Troops Escape Financial Trends, Enjoy Money Management Benefits
By Lisa Daniel
American Forces Press Service
WASHINGTON, Dec. 23, 2008 Soldiers, sailors, airmen and Marines are relatively insulated from the financial disasters affecting many Americans, and increasingly are taking advantage of programs designed to promote what military leaders call “financial readiness,” military financial counselors say.
All the services offer free financial counseling to servicemembers on installations, and troops and their spouses increasingly are using the services even while few are reporting mortgage foreclosures or spousal job losses that are increasing in the civilian sector.
The Navy provided financial counseling to 237,000 sailors and their spouses at 70 installations this year, increasing by 51 percent their outreach to sailors and their outreach to spouses by 100 percent, said Patricia Johnson, who oversees the Navy’s personal financial management programs.
“It’s not that they’re having more problems,” Johnson said. “But people are more concerned.” Only 4 percent of 1,300 sailors surveyed in May said they felt “in over their heads” with personal finances, she said.
Johnson credits the Navy financial programs with helping sailors feel confident. “We feel that our robust program that we have in the Navy … and what our financial educators and [counselors] do in the field help these numbers stay down.”
Some Army installations also are seeing an increase in soldiers seeking financial help. Lynn Olavarria, manager of the financial readiness program at Fort Bragg, N.C., said her group sees about 400 soldiers and spouses per month.
“We’re getting a few more every year,” she said. “I think that’s more awareness.”
With a steady paycheck, good benefits and a lower rate of home ownership, troops enjoy some buffers to financial instability. “I think the services that are available to military people make it a very desirable place during a recession, more so than in the private sector,” Johnson said.

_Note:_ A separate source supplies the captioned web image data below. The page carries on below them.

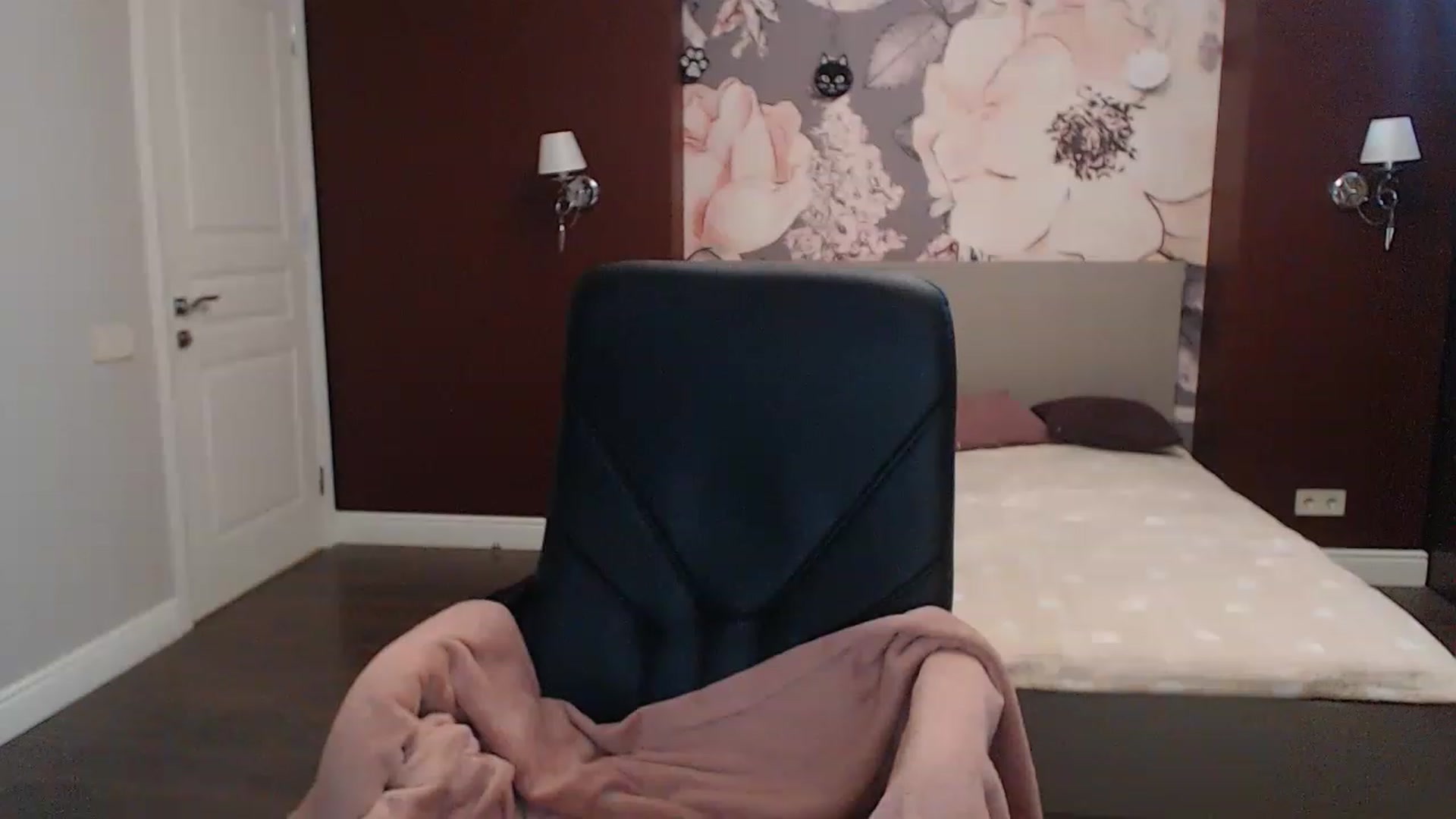 Gallery image thumbnail from Karina_Mils's myfreecams stream on, 07/06/2023, 11:09 image 8 of 20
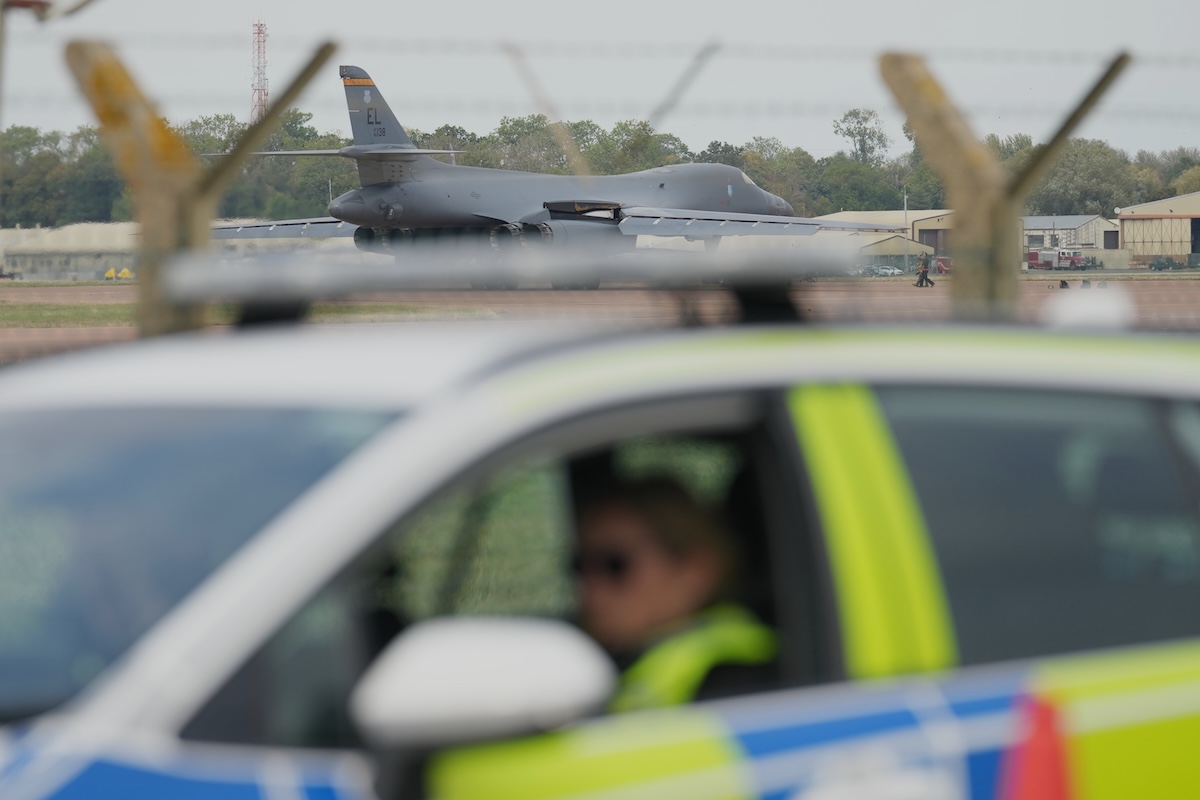 Arrestato un britannico per presunto piano di attacco alla base RAF di Fairford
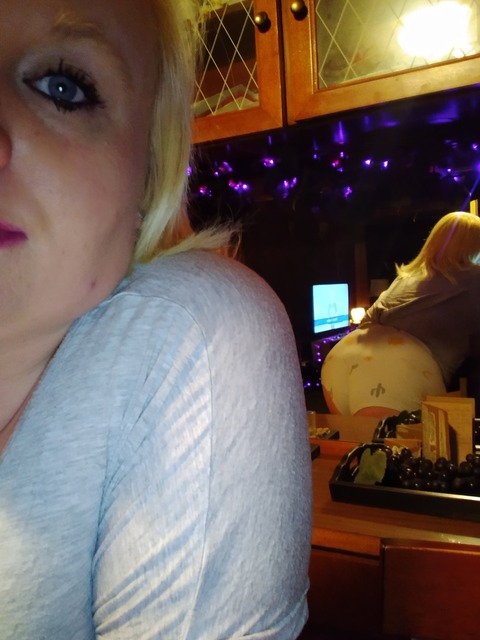 OnlyFansのヘッダー画像 bbwbarbie419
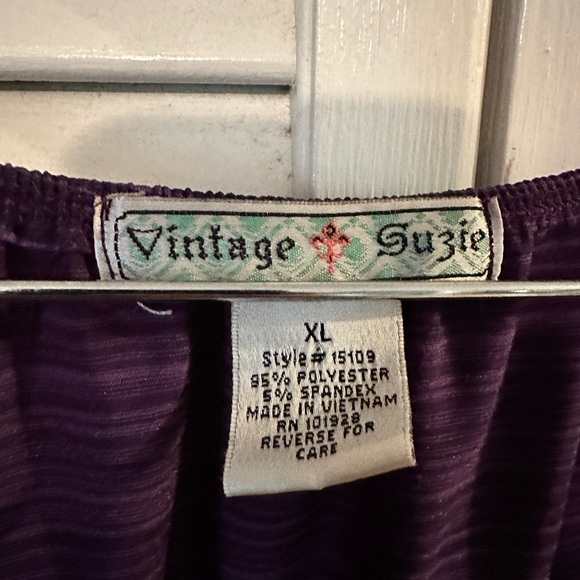 🍄Last Chance🍄 Beautiful purple square neck top! - Picture 2 of 4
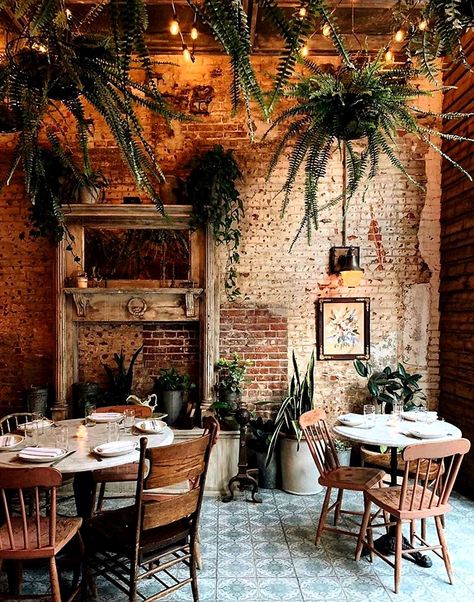 Italian Restaurant Decor, Restaurant Design Inspiration, Pub Interior, Italian Cafe, Coffee Shop Interior Design, Rustic Restaurant, Cozy Coffee Shop, Italian Interior Design, Italian Interior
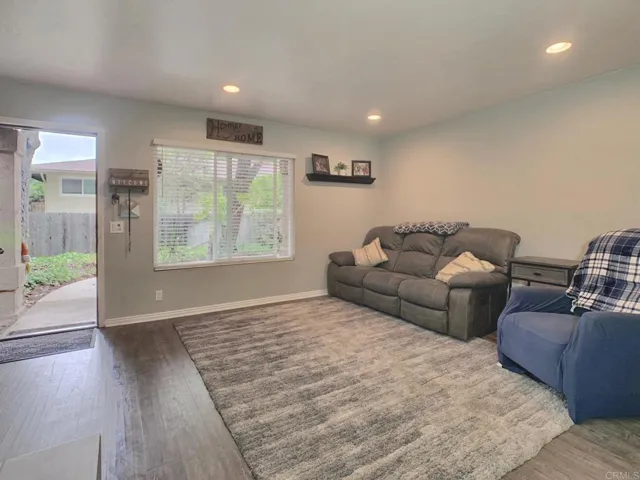 8158 Calle Fanita, Santee, California 92071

Still, servicemembers began experiencing the same price increases earlier this year -- when gasoline spiked to more than $4 per gallon -- as everyone else.
“In the commissaries, there was an increase in prices just like in the private sector,” said Mike Hire, director of the Navy-Marine Corps Relief Society on Camp Pendleton, Calif. “Things are cheaper overall [than on the economy], but they did get more expensive.”
Hire said he expected to see fewer people when gas prices dipped this fall to less than half of the price in early summer, but they’ve sought help in about the same numbers.
“A lot of our military members have been using credit cards to get by, and now they’re trying to get down some of that credit card debt, just like the general public,” he said. “That’s where we’re seeing that extra gas money going.”
The military and its support organizations have unveiled several programs in the past year and a half to promote personal financial stability with the understanding that financial hardships can pose a distraction to military missions. Some of the programs include:
-- “Financial Readiness Challenge” events at installations around the country sponsored by the Defense Department’s military community and family policy office and scheduled through February;
-- Dave Ramsey’s Financial Peace University, Military Edition, provided by chaplains at some Army installations;
-- The Military Saves campaign to promote financial savings among servicemembers; and
-- Quick-assistance loans from the service relief societies, which provide grants and no-interest loans.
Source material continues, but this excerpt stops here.